Pictures with short captions:
= Beginning of Section =

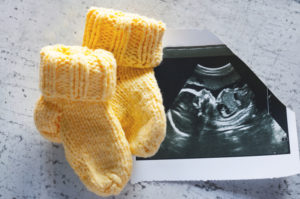Knitted socks for the child, lying on the picture ultrasound. Waiting for the child, ultrasound image.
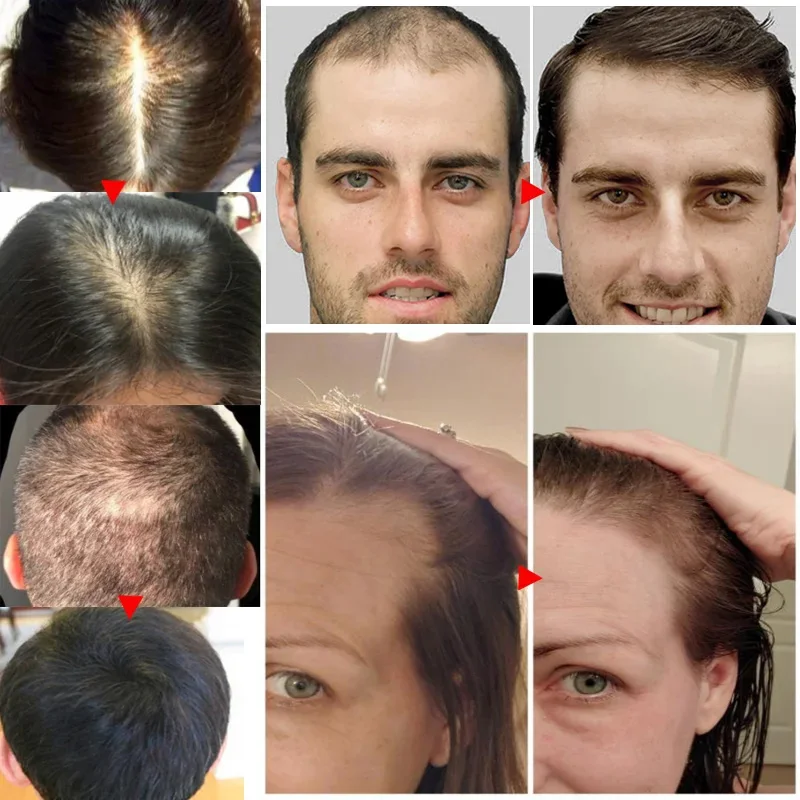 Ginger Hair Growth Essential O - огляд і ціна Hair Care Essential Oil Atomizing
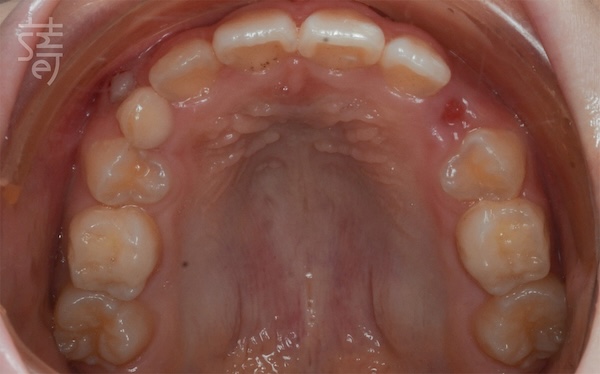 DSC_6463兒童隱適美 × 肌功能訓練：8歲孩子的早期矯正，從害羞到自信大笑的蛻變旅程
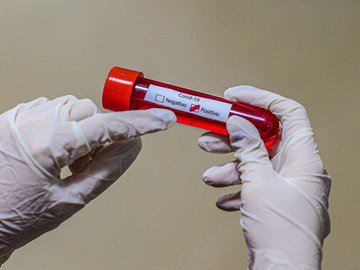 Sesapi registra 4 mortes por covid em 24h e 141 novos casos da doença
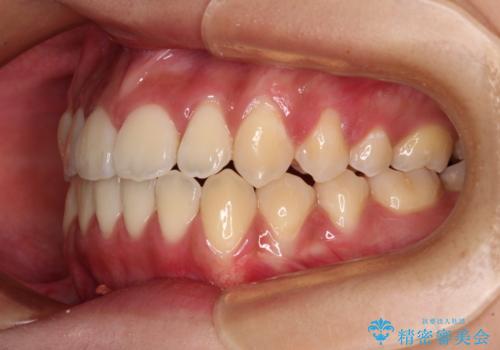 受け口と開咬を急速拡大装置とワイヤー装置で改善の治療後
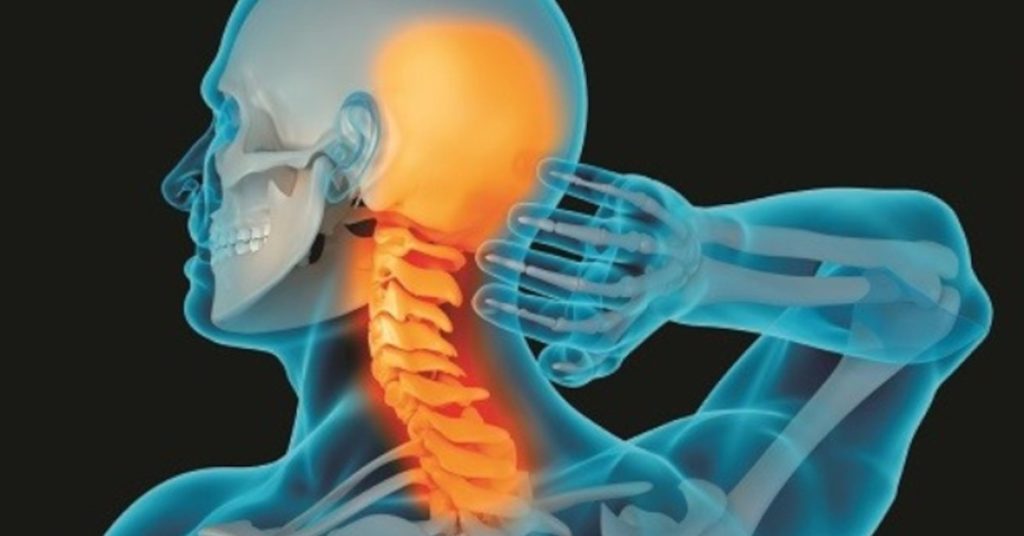 Thoái hoá đốt sống cổ làm hẹp khe khớp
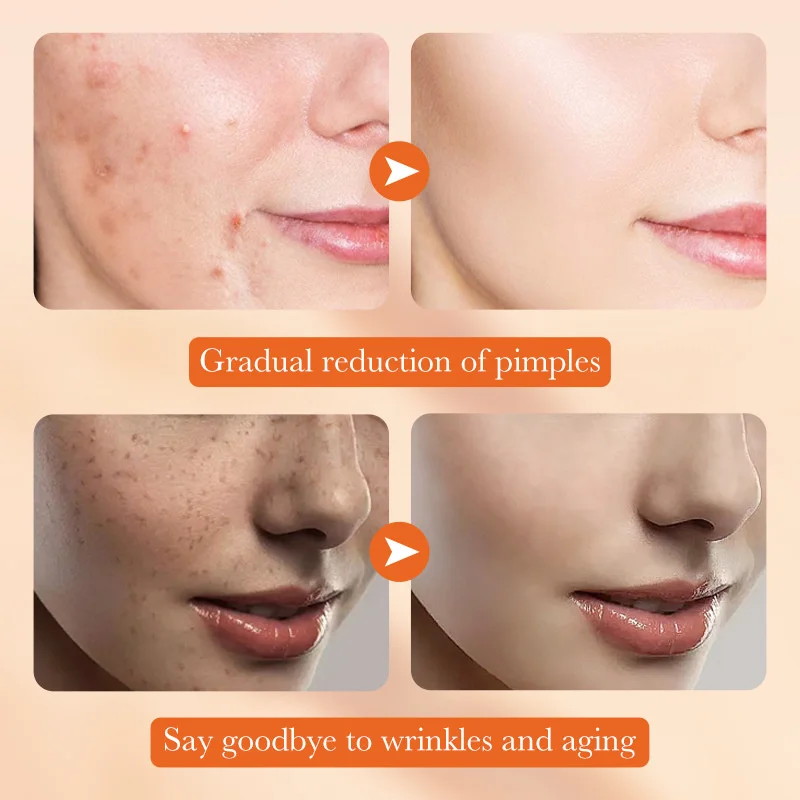 مقشر مرطب يزيل الجلد الميت ويعزز الترطيب ويصلح حاجز الجلد #3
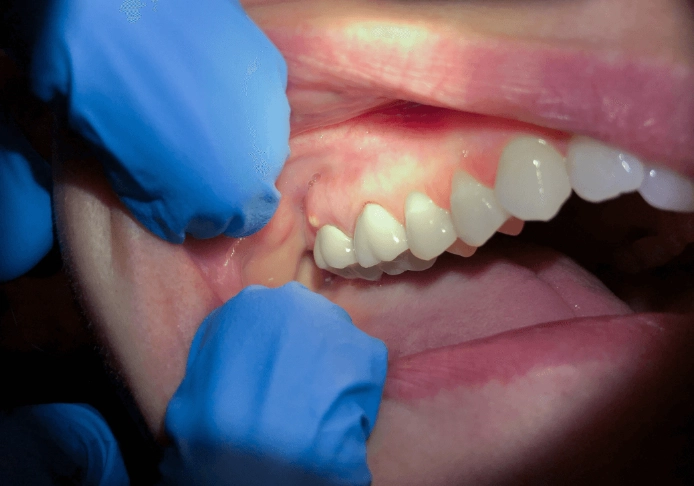 tooth abscess home remedy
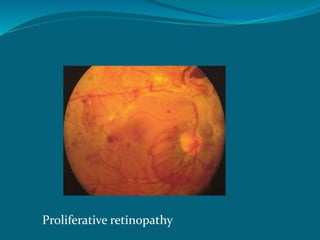 Proliferative retinopathy
 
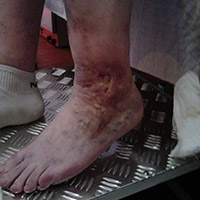 bruisies pe picioare din cauza varicelor)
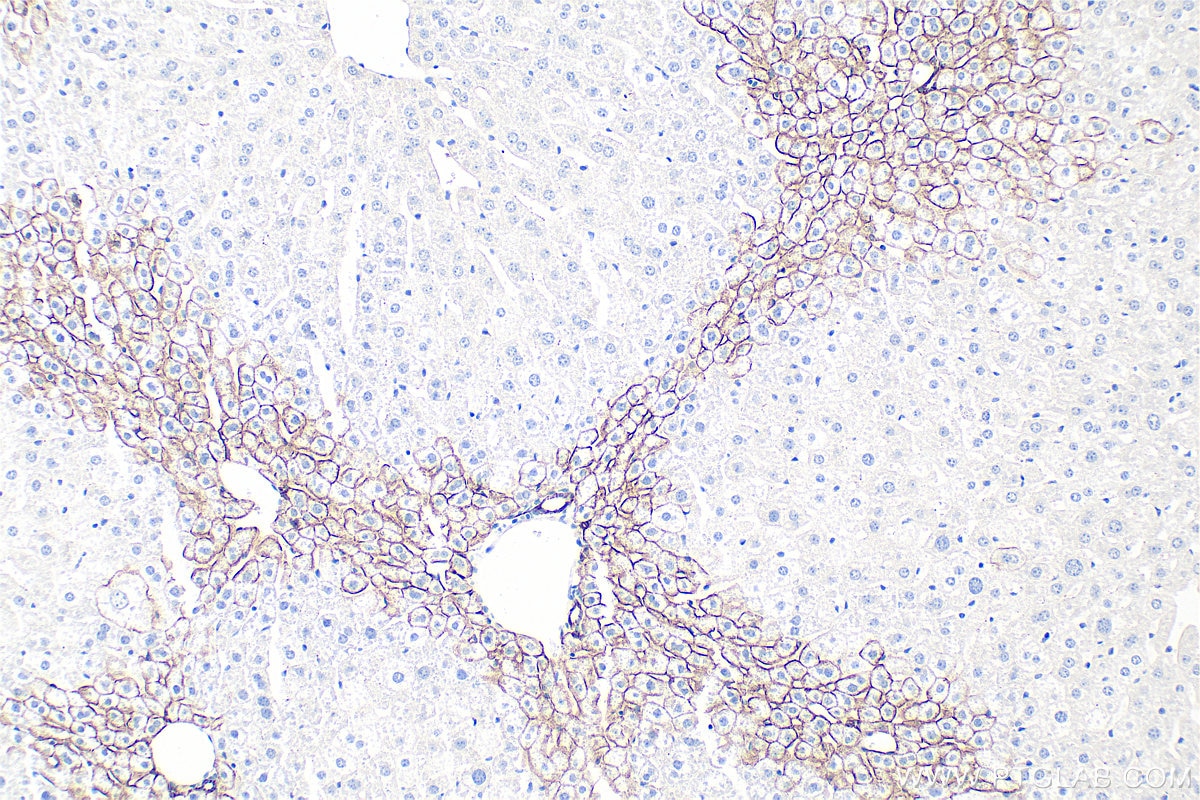 Immunohistochemistry (IHC) staining of mouse liver tissue using E-cadherin Polyclonal antibody (20874-1-AP)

= End of Section =

§ **TASK TO COMPLETE**
A word-for-word copy of the entries above is needed, with every picture dropped.

§ **WRITTEN RESPONSE**
Knitted socks for the child, lying on the picture ultrasound. Waiting for the child, ultrasound image.
 Ginger Hair Growth Essential O - огляд і ціна Hair Care Essential Oil Atomizing
 DSC_6463兒童隱適美 × 肌功能訓練：8歲孩子的早期矯正，從害羞到自信大笑的蛻變旅程
 Sesapi registra 4 mortes por covid em 24h e 141 novos casos da doença
 受け口と開咬を急速拡大装置とワイヤー装置で改善の治療後
 Thoái hoá đốt sống cổ làm hẹp khe khớp
 مقشر مرطب يزيل الجلد الميت ويعزز الترطيب ويصلح حاجز الجلد #3
 tooth abscess home remedy
 Proliferative retinopathy
 
 bruisies pe picioare din cauza varicelor)
 Immunohistochemistry (IHC) staining of mouse liver tissue using E-cadherin Polyclonal antibody (20874-1-AP)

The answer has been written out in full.